## Task data
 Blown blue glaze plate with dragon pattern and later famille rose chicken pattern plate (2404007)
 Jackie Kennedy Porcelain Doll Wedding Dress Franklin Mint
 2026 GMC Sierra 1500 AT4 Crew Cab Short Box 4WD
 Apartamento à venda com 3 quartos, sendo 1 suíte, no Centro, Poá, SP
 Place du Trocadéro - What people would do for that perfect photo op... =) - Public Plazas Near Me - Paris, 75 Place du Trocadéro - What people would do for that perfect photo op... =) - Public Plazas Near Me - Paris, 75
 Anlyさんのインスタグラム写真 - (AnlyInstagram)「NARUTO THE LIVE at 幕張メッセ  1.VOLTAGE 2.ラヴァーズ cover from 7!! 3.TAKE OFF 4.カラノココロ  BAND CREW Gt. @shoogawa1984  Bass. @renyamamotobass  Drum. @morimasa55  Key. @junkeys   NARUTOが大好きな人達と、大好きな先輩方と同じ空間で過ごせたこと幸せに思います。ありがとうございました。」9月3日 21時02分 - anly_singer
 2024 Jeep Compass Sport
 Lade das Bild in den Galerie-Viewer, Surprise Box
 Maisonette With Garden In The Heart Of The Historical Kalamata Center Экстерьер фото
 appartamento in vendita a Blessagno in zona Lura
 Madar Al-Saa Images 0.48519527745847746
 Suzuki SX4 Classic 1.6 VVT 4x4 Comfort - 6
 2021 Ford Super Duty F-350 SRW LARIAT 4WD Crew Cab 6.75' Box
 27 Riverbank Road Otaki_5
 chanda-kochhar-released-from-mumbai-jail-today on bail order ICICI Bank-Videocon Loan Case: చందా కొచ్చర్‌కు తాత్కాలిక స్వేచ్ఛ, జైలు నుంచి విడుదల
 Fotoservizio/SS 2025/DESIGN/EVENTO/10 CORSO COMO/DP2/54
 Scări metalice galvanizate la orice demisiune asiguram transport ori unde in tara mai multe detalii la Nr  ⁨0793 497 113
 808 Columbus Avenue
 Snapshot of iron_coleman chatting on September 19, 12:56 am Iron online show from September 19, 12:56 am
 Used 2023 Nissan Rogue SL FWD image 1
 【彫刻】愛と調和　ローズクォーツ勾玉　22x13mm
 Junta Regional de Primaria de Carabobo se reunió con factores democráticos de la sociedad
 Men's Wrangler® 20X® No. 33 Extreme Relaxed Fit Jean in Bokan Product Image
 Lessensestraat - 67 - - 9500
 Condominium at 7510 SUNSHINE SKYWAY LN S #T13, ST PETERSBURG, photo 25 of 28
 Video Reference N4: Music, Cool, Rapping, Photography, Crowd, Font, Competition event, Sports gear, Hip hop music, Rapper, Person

## Task statement
Set down the whole listing again, exactly as shown above.

## Solution to this problem
 Blown blue glaze plate with dragon pattern and later famille rose chicken pattern plate (2404007)
 Jackie Kennedy Porcelain Doll Wedding Dress Franklin Mint
 2026 GMC Sierra 1500 AT4 Crew Cab Short Box 4WD
 Apartamento à venda com 3 quartos, sendo 1 suíte, no Centro, Poá, SP
 Place du Trocadéro - What people would do for that perfect photo op... =) - Public Plazas Near Me - Paris, 75 Place du Trocadéro - What people would do for that perfect photo op... =) - Public Plazas Near Me - Paris, 75
 Anlyさんのインスタグラム写真 - (AnlyInstagram)「NARUTO THE LIVE at 幕張メッセ  1.VOLTAGE 2.ラヴァーズ cover from 7!! 3.TAKE OFF 4.カラノココロ  BAND CREW Gt. @shoogawa1984  Bass. @renyamamotobass  Drum. @morimasa55  Key. @junkeys   NARUTOが大好きな人達と、大好きな先輩方と同じ空間で過ごせたこと幸せに思います。ありがとうございました。」9月3日 21時02分 - anly_singer
 2024 Jeep Compass Sport
 Lade das Bild in den Galerie-Viewer, Surprise Box
 Maisonette With Garden In The Heart Of The Historical Kalamata Center Экстерьер фото
 appartamento in vendita a Blessagno in zona Lura
 Madar Al-Saa Images 0.48519527745847746
 Suzuki SX4 Classic 1.6 VVT 4x4 Comfort - 6
 2021 Ford Super Duty F-350 SRW LARIAT 4WD Crew Cab 6.75' Box
 27 Riverbank Road Otaki_5
 chanda-kochhar-released-from-mumbai-jail-today on bail order ICICI Bank-Videocon Loan Case: చందా కొచ్చర్‌కు తాత్కాలిక స్వేచ్ఛ, జైలు నుంచి విడుదల
 Fotoservizio/SS 2025/DESIGN/EVENTO/10 CORSO COMO/DP2/54
 Scări metalice galvanizate la orice demisiune asiguram transport ori unde in tara mai multe detalii la Nr  ⁨0793 497 113
 808 Columbus Avenue
 Snapshot of iron_coleman chatting on September 19, 12:56 am Iron online show from September 19, 12:56 am
 Used 2023 Nissan Rogue SL FWD image 1
 【彫刻】愛と調和　ローズクォーツ勾玉　22x13mm
 Junta Regional de Primaria de Carabobo se reunió con factores democráticos de la sociedad
 Men's Wrangler® 20X® No. 33 Extreme Relaxed Fit Jean in Bokan Product Image
 Lessensestraat - 67 - - 9500
 Condominium at 7510 SUNSHINE SKYWAY LN S #T13, ST PETERSBURG, photo 25 of 28
 Video Reference N4: Music, Cool, Rapping, Photography, Crowd, Font, Competition event, Sports gear, Hip hop music, Rapper, Person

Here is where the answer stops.